| Directions for this task |
Return each line of the data below verbatim; pictures are to be left out.

| Recorded data |
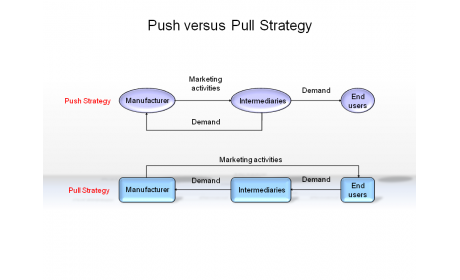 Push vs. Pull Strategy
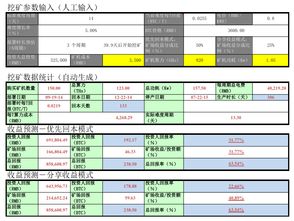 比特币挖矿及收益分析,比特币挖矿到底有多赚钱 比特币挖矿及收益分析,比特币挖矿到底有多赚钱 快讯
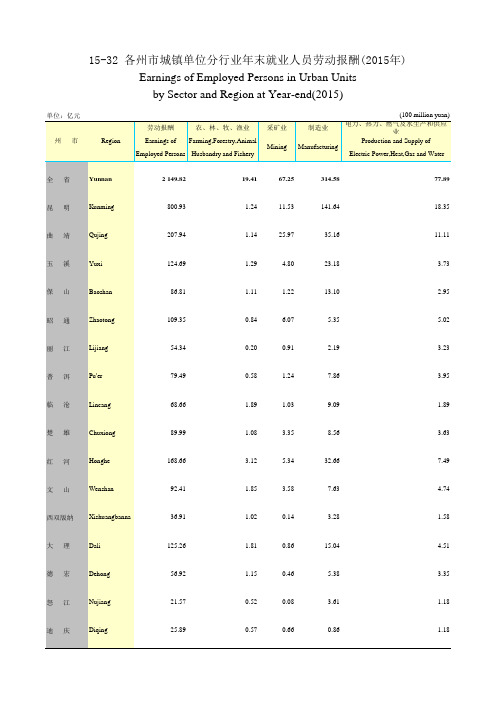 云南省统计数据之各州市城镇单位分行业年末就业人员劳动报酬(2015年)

| Written response |
 Push vs. Pull Strategy
 比特币挖矿及收益分析,比特币挖矿到底有多赚钱 比特币挖矿及收益分析,比特币挖矿到底有多赚钱 快讯
 云南省统计数据之各州市城镇单位分行业年末就业人员劳动报酬(2015年)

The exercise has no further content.